[EXTRACTED INFORMATION]
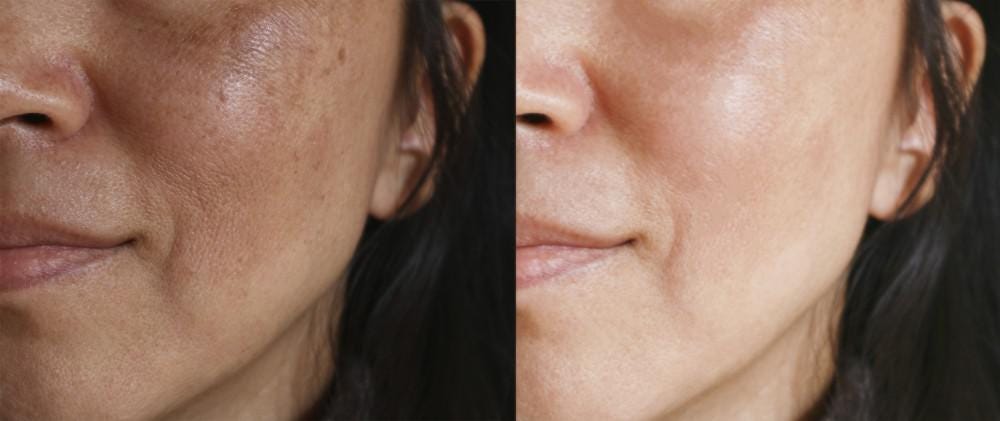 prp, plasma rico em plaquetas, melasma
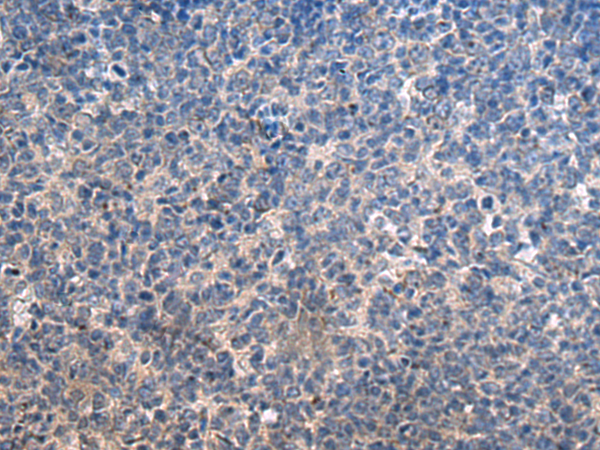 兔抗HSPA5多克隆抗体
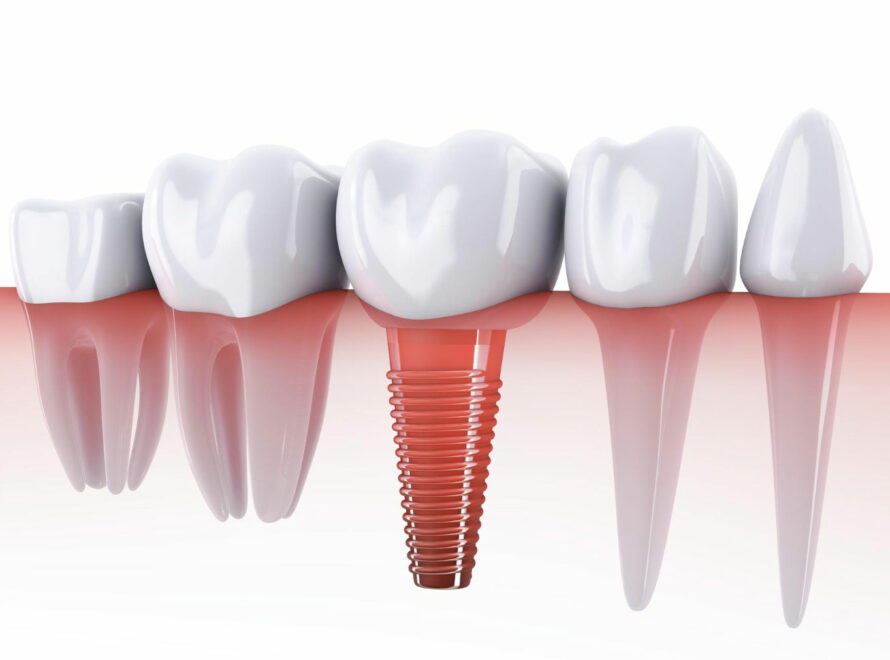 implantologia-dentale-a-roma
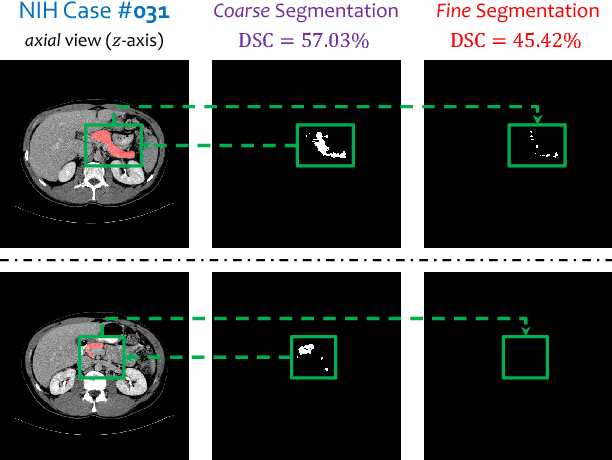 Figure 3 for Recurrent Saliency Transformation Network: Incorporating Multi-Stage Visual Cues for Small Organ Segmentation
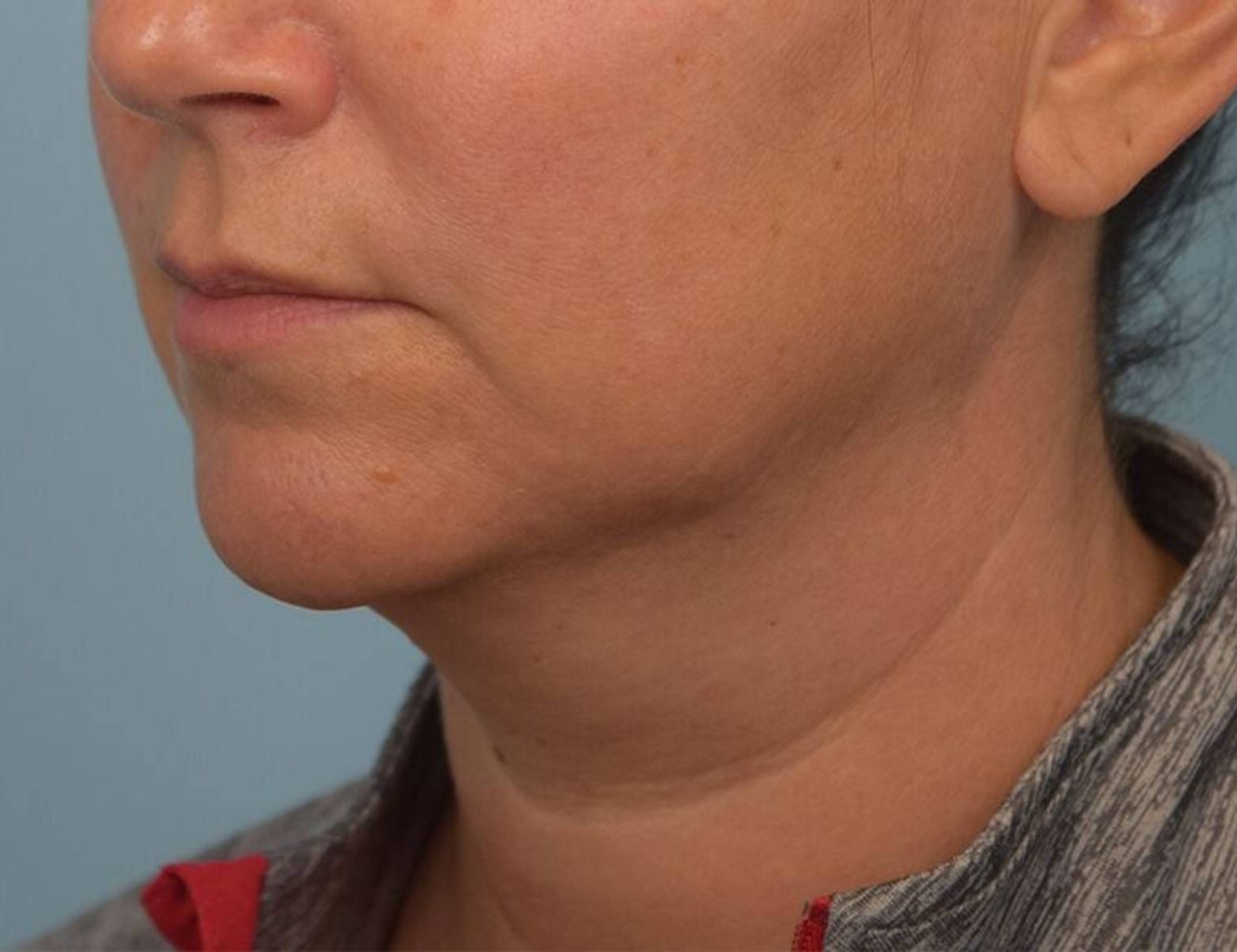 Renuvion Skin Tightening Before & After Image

[INSTRUCTIONS FOR THE TASK] An exact copy of the lines from the one with "兔抗HSPA5多克隆抗体" through the end of the entries above, both included, is the whole answer. It contains no pictures.

[ANSWER TO THE EXERCISE]
 兔抗HSPA5多克隆抗体
 implantologia-dentale-a-roma
 Figure 3 for Recurrent Saliency Transformation Network: Incorporating Multi-Stage Visual Cues for Small Organ Segmentation
 Renuvion Skin Tightening Before & After Image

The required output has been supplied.